As Principal Invesitigator, Pippa Steele is working primarily on the writing systems of Middle-Late Bronze Age Crete and Greece for her project research. This involves studying the Cretan Hieroglyphic, Linear A and Linear B scripts, looking at the contexts in which they were used and aiming to reconstruct the ways in which they are related to each other. Another aspect of this research involves studying the adaptation of writing systems for a new language from a theoretical point of view, and to aid this research she is also working on the development of the Greek alphabet from Phoenician and the spread of alphabetic systems around the Mediterranean.

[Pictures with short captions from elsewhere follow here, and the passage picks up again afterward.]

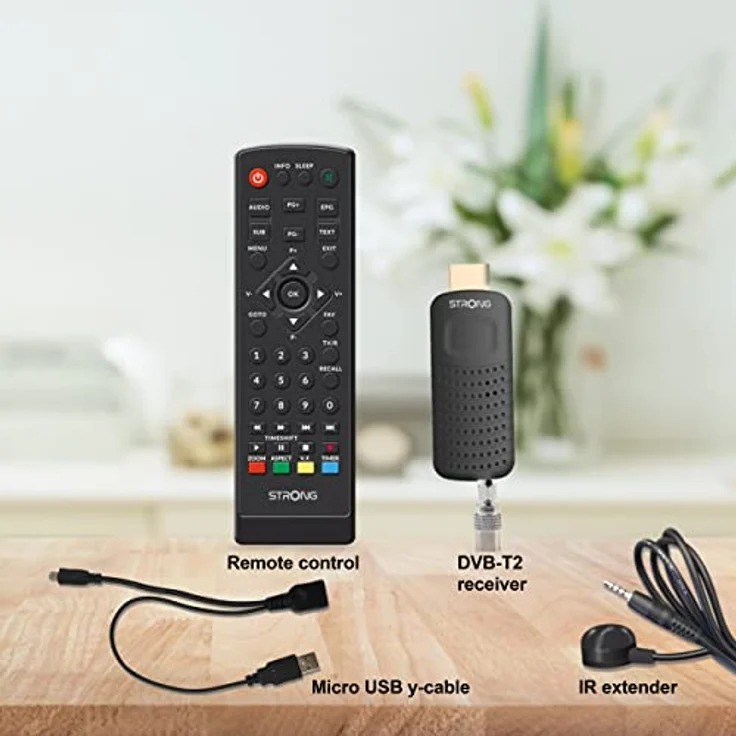 Strong SRT82 Full HD DVB-T2 HDMI Stick - kompatibel mit Hevc265 - TV Receiver/Tuner mit Recorder Funktion (HDMI, SCART, USB, Dolby Digital Plus) - Schwarz – Bild 3
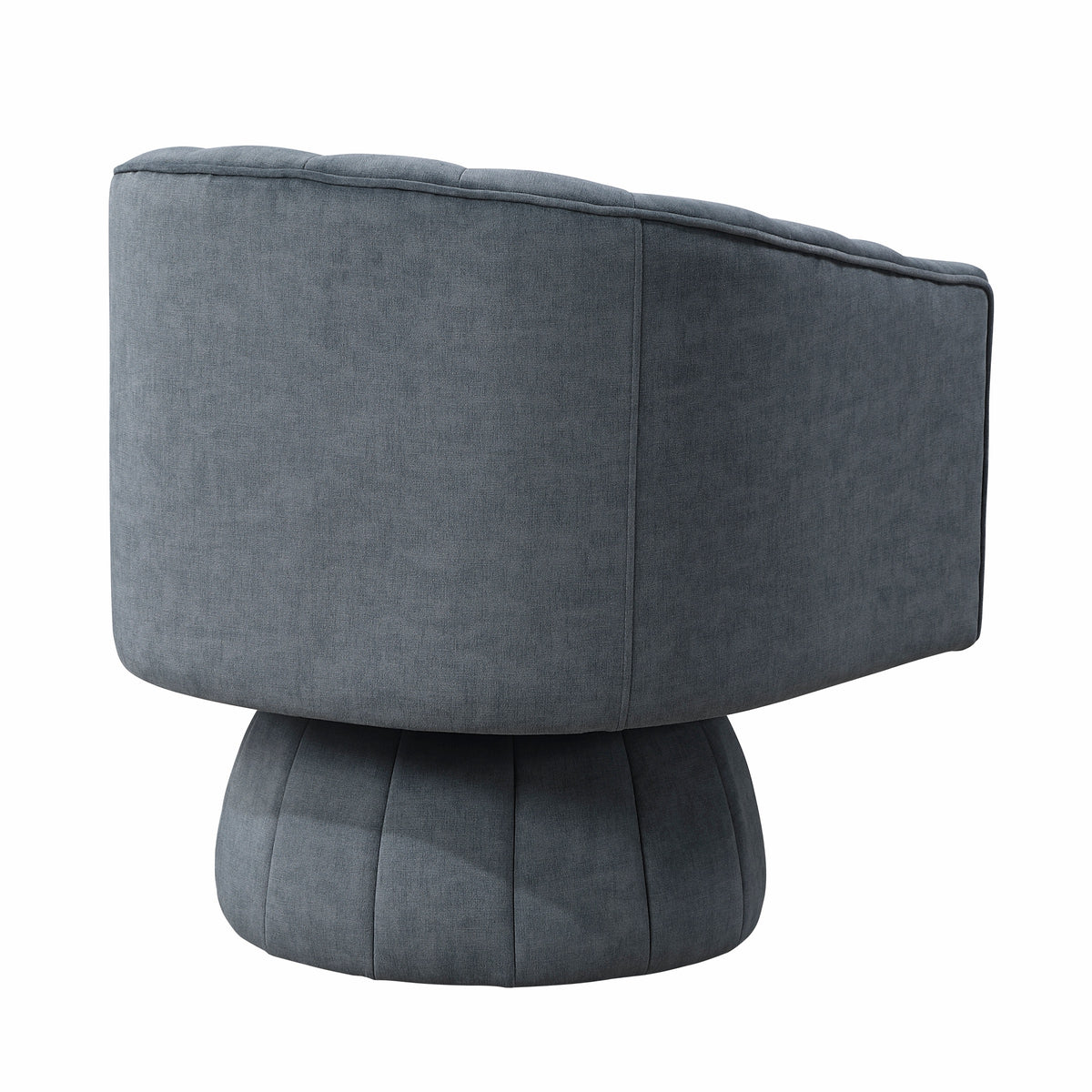 Dark Gray barrel accent chair — lifestyle view
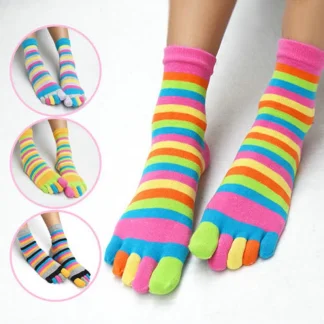 Snug Toe Socks with Colorful Stripes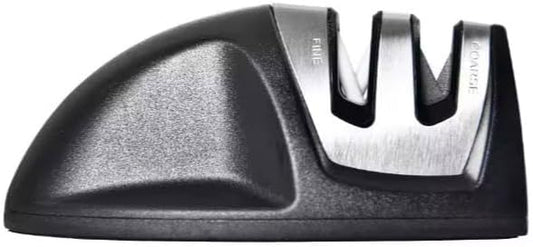Portable 2-Stage Knife Sharpener for Kitchen Knives – Small Manual Knife Sharpener with Fine & Coarse Grinding, Anti-Slip Base, Knife & Scissors Sharpener (Black)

Linear B and the Greek alphabet provide a particularly useful point of comparison because they are both scripts that were borrowed and adapted to write the same language, Greek.

Following a doctorate focusing on the non-Greek languages of ancient Cyprus, Pippa has held a Henry Lumley Junior Research Fellowship (Magdalene College) and a British Academy Postdoctoral Fellowship, both at Cambridge. Her books include A Linguistic History of Ancient Cyprus (CUP 2013) and Society and Writing in Ancient Cyprus (CUP – coming out later this year), the latter a publication of her Evans Pritchard Lectures series given at All Souls College, Oxford, in 2014. She has also edited conference volumes and written numerous articles and book chapters on languages and writing systems. Her other research interests include ancient multilingualism and language contact (a field of study that is very much relevant to the propagation of ancient writing because writing systems were often adapted in multilingual situations) as well as the development of the Greek language over time in the eastern Mediterranean. She is a Senior Research Fellow at Magdalene College.

 

Research Associate: Dr Philip Boyes

Boyes

Philip Boyes is a Research Associate working on the context of writing at Ugarit, a Late Bronze Age city at the site of Ras Shamra in modern Syria. A new form of wedge-shaped cuneiform writing, the Ugaritic cuneiform alphabet, was used at this site, and represented an important innovation in adapting an earlier cuneiform syllabary to write the local Semitic language. An important aspect of this research involves thinking about how the innovation in writing relates to, and is embedded in, other forms of social change taking place at about the same time. An interdisciplinary approach is essential, and this research will draw heavily on archaeological and historical evidence as well as linguistic and epigraphic.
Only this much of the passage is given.